These heads make it possible to obtain perfectly defined, relatively small magnetized points on the recording carrier, the points for instance having a cross section on the surface of the carrier on the order of 100 to 200 .mu.m on a side. However, they have the disadvantage that each includes a core, which in the course of manufacture must be machined with very great precision, if the magnetized points formed by these various heads are to be substantially identical in size. Furthermore, with these heads, the time required for forming a magnetized point on the recording carrier is always relatively long, typically exceeding 6 microseconds, which naturally limits the performance of the machine in which these heads are used. These heads also have the disadvantage that each includes a magnetic core having faces with a relatively large surface area, which are placed facing the faces of the adjacent cores, so that when an attempt is made to dispose these heads close to one another in order to increase the density of the magnetized points and thus improve the quality of the printed characters, the magnetic flux generated by the excited heads causes leakage of flux, which circulating in the cores of the heads adjacent to the excited heads then causes the formation of undesirable magnetized points on the surface of the recording carrier.
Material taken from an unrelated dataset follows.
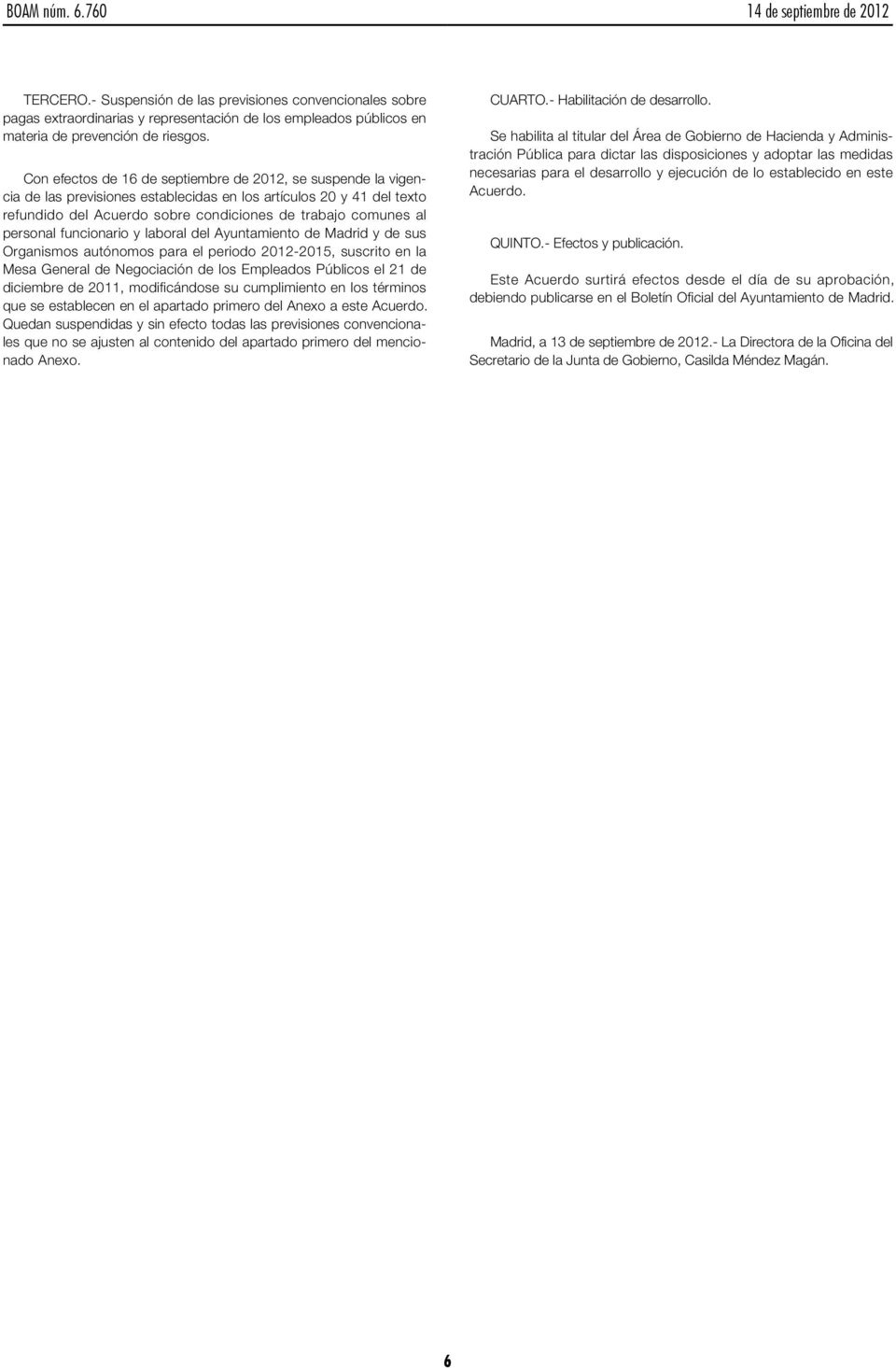 personal funcionario y laboral del Ayuntamiento de Madrid y de sus Organismos autónomos para el periodo 2012-2015, suscrito en la Mesa General de Negociación de los Empleados Públicos el 21 de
These disadvantages can be overcome by making use of recording heads having a magnetic core that is provided with an exciting coil and takes the form of a rod or needle; the cores of these heads each have one end located at least in the immediate proximity of the surface of the recording carrier, and these ends are aligned one with the other along a direction perpendicular to the direction of displacement of the recording carrier. With these heads, the core of which is easy to manufacture, the time required for recording a magnetized point does not exceed 2 microseconds. Nevertheless, the emplacement of these heads inside the same transducer has always been a difficult operation to perform, especially because of the small diameter of the cores and their low rigidity.
In an embodiment described and shown in U.S. Pat. No. 3,890,623, in which the filamentary cores have a diameter in the vicinity of 0.8 mm, this placement is obtained by initially piercing a first series of aligned holes in a first support plate, each of the holes having a diameter sufficient to allow the engagement with slight play of one of the two ends of a core, then inserting each core, provided with its winding, into each of these holes, then keeping the core in place on this first support plate by piercing a second series of holes in a second support plate, in such a manner that the second series of holes are located perpendicular to the holes of the first series, and finally causing the other end of each core to engage the corresponding hole of this second series.
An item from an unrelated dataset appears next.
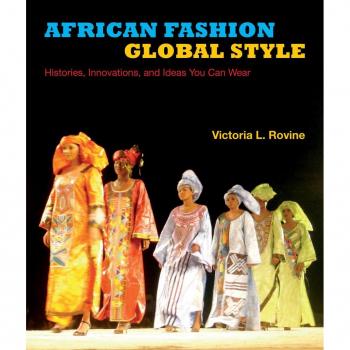 African Fashion Global Style by Victoria L. Rovine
This manner of assembly, which can be used in the case where the magnetic cores have a diameter at least equal to 0.5 mm, cannot be employed for a magnetic transducer having heads with magnetic cores that have a very small diameter, for example less than 0.1 mm. This is because the filamentary magnetic cores, having an equally small diameter, would have too little mechanical rigidity to undergo the various operations of assembly as described above without being deformed.